This Is Your Mind on Standard Time
How Congress screwed up Election Day and some good stuff in the reconciliation bill.
My latest, for the New Republic:
Sen. Joe Manchin (D.-W.Va.) has for three months been negotiating the $1.75 trillion reconciliation bill, formerly known as the $3 trillion reconciliation bill and before that the $6 trillion reconciliation bill. He gave a press conference Monday saying he still didn’t know whether he supported the bill. For fuck’s sake, he practically wrote the bill, whose text you can read here (more readable section-by-section summary here). But Manchin still doesn’t know whether he supports it. Neither does Sen. Kyrsten Sinema (D.-Az.).
Anyway, on Monday I wrote that there’s a really good part of the Protecting the Right to Organize (PRO) Act buried in the House bill that Manchin hasn’t objected to, and probably won’t because he’s endorsed the PRO Act.

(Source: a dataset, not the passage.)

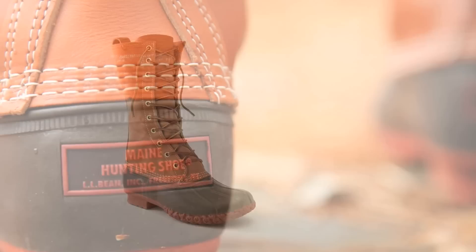Our special anniversary edition of the Maine hunting shoe is as true to L.L. Bean's original design as possible. And like all our L.L. Bean boots and Maine hunting shoes, they're made by hand right here in Maine.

Sinema may object to it, because she comes from an anti-union state, but I can remain silent only so long. The PRO Act fragment in the reconciliation bill would allow the National Labor Relations Board for the first time to level civil penalties against companies that violate labor law. The penalties would be up to $100,000 per violation. In my Monday New Republic piece, I explained why this is a big deal.

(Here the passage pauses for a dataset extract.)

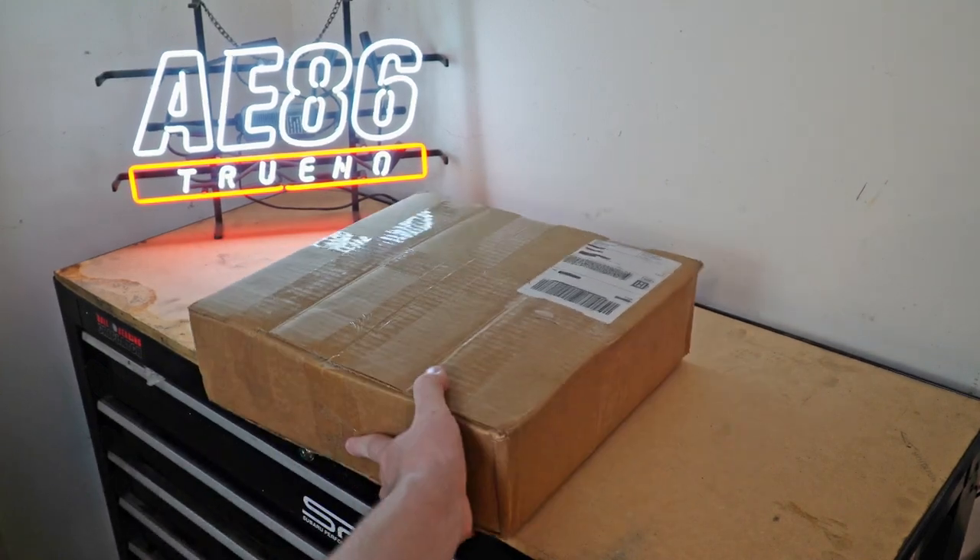Let's go ahead and take a look at the unboxing, show you what it looks like, what it comes with, and all of that.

In 2005, Congress moved the start of Standard Time forward one week, from the last Sunday in October to the first Sunday in November, to appease candy manufacturers who wanted one more hour of daylight on Halloween. This extra week of Daylight Savings Time started in 2007. In most years (though not this one) that means Election Day falls two days after your circadian rhythms have been messed with. An interesting theory could be developed that this contributed to the derangement of the American electorate as revealed by Donald Trump’s election in 2016. An interesting theory that actually has been developed is that the Daylight Savings change has depressed voter turnout. I wrote about this on Tuesday.